L’inquiétude est palpable dans les rangs de l’opposition. « Il n’est ni à son domicile, ni joignable par téléphone, ni visible dans aucun centre de détention officiel », affirme Franklin Tshiamala, secrétaire général du LGD. Selon lui, la situation est grave : « Nous craignons le pire. Si l’État a des informations, il doit les partager. Il s’agit d’un homme public, ancien chef de gouvernement, député national. Son sort ne peut être une affaire de rumeur ou de spéculation ».
Condamné par la Cour constitutionnelle le 20 mai dernier pour son rôle présumé dans le détournement de fonds liés au projet agro-industriel de Bukanga-Lonzo, Matata Ponyo avait dénoncé un procès politique. Dès le lendemain du verdict, il semblait avoir disparu de la circulation. Depuis, aucune trace officielle.

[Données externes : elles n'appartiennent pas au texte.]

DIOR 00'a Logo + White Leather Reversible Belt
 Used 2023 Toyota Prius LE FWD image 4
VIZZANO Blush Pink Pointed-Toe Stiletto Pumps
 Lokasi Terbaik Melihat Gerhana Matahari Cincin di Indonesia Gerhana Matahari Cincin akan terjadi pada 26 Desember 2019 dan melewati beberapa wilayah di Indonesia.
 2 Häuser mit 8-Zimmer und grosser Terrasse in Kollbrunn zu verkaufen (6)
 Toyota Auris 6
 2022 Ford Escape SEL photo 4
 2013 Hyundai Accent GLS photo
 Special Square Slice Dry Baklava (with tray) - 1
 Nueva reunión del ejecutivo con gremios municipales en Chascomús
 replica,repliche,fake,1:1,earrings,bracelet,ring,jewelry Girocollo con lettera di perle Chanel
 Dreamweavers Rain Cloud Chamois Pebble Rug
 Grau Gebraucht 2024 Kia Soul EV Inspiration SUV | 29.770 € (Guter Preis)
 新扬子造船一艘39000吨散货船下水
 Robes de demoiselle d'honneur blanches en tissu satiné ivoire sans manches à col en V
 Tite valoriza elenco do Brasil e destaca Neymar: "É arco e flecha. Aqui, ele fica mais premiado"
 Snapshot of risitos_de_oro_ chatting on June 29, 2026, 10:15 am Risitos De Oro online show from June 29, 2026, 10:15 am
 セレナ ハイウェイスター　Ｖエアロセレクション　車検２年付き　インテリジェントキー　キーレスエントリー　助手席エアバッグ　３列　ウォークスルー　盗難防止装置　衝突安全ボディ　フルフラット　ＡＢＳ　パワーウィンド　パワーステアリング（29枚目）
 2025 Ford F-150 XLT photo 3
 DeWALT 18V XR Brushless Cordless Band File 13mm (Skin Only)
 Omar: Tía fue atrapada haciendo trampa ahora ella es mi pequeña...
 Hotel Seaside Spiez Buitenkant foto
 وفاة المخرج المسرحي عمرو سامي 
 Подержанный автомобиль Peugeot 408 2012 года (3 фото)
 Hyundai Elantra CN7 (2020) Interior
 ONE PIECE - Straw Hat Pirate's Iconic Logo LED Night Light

Des spéculations contradictoires circulent. Tandis que certains proches affirment qu’il aurait pu quitter clandestinement Kinshasa, des membres du gouvernement tournent les inquiétudes en dérision. Un responsable contacté par RFI le 31 mai a qualifié les alertes de son parti de « plaisanterie politique », allant jusqu’à qualifier les responsables du LGD d’« histrions ». Des accusations rejetées fermement par Franklin Tshiamala : « On parle de l’intégrité physique d’un homme, pas d’un jeu politique. Certains disent qu’il serait en France, d’autres en Belgique ou aux États-Unis. D’autres encore prétendent qu’il est bien au Congo, prêt à être arrêté. Mais en réalité, personne ne sait. Et c’est précisément cela qui est grave ».
Dans un rebondissement inquiétant, le parti affirme également que la fille de Matata Ponyo a été empêchée de quitter le territoire congolais. Son passeport aurait été confisqué par les services migratoires alors qu’elle s’apprêtait à embarquer pour les États-Unis.
Cette affaire survient dans un contexte politique sous tension. Depuis plusieurs mois, les procès d’anciens dignitaires se multiplient, dans ce que certains observateurs dénoncent comme une instrumentalisation de la justice à des fins d’épuration politique. Matata Ponyo, ancien ministre des Finances puis Premier ministre de 2012 à 2016 sous la présidence de Joseph Kabila, s’était érigé ces dernières années en opposant frontal du régime actuel.
Sa disparition soulève aujourd’hui des interrogations graves sur l’état de droit et la transparence des institutions en RDC. En l’absence d’un communiqué officiel du gouvernement, la rumeur continue de supplanter l’information, alimentant un climat de confusion, voire de crainte.